Ben de Maalouf’un bu benzetmesinin Türkiye solunun CHP ile ilişkisine cuk oturduğunu düşünüyorum. CHP’nin maymuncuk işlevi Türkiye solu için her daim durudur. Yani kapı da aynı maymuncuk da aynı onlar için, değişmiyor. Zaten mesele de açmak istedikleri kapının o kapı olması, yani Türkiye devletinin tüm yapı taşlarına sahip çıkan, bu taşların biraz yerinden oynamasıyla kâbus görenlerin kapısı. Nedir bu taşlar; Ermeni soykırımının inkârı ve Perinçek’in desteklenmesi boyutuna varacak kadar inkârı, Kürtçe'nin anadil olarak tanınmasına karşı olmak, Atatürk'ü koruma kanuna sonuna kadar sahip çıkmak, Dersim bombalamasında Atatürk’e hâlâ laf etmemek, tek dil tek bayrak demek. Bu paslanmış kapıya şimdi de HDP’yi katmaya çalışmak.

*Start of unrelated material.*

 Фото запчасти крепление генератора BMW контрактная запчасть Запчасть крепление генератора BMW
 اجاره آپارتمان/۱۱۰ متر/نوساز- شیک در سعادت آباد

Ve bunu ne için yapmak? Birlik beraberlik için. Neye karşı bir birlik beraberlik? Tabii ki AKP’ye karşı. Yani bu düzenin, bu kanlı geçmişi olan devletin tüm geçmişini muhafaza etmekte en az AKP kadar muhafazakâr olan bir partiye, o partinin temsil ettiği tüm değerlere karşı mücadele eden bir halkın büyük çoğunluğunu temsil eden bu partiyi, ya kendilerinin ne kadar paslandığını gizlemek için aynı yere çağırıyorlar ya da bulundukları yer itibariyle ki bu yeri uzun eşek oyunundakine benzetiyorum. Oyunda bir yastık olur ve iki takım olur, bir takım eğilerek birbirlerinin bacak aralarına kafalarını koyarak bir set oluştururlar ve en baştaki kafasını yastık olan çocuğun karnına değdirir, böylece dengede kalırlar; diğer ekip de onların üstüne atlar ve alttakiler dayanabildiği sürece ve atlayanlar dengesini bozana kadar ekiplerin işlevi değişmez, buradan ufku görmek mümkün değildir ancak önündeki kişinin ayaklarını ve yeri görürsün. Böyle durduğun zaman sırtına atlayan düzeni taşır durursun ve belki bayrağını da üstüne atarsın ki alttaki durumunun abesliği gözükmesin. HDP bu araya girip uzun eşeği daha uzatmak istemiyor. Bu oyunda ne üste zıplayan ne de alta kalan olmak istiyor; gittikçe maddi eşitsizliklerin katlanarak büyüdüğü bu son 20-25 yılda en büyük insanlık sorunu olan yoksullukla boğuşmak isteyen -ki hem metropollerde hem Kürdistan’daki yoksullukla birebir yüzleşen bir halkın oyunu alan- bir parti olarak bunu yapmayacağını ve alternatif olarak neler yapabileceğini ifade ediyor. Bu parti içinde olmayıp sonuna kadar destekleyenlerin de yapması gereken, bu potansiyeli uzun eşek kuyruğuna katmak aynı maymuncuğu kullanmak değildir. Tam tersi anahtar destesini çoğaltmalarını sağlamaktır.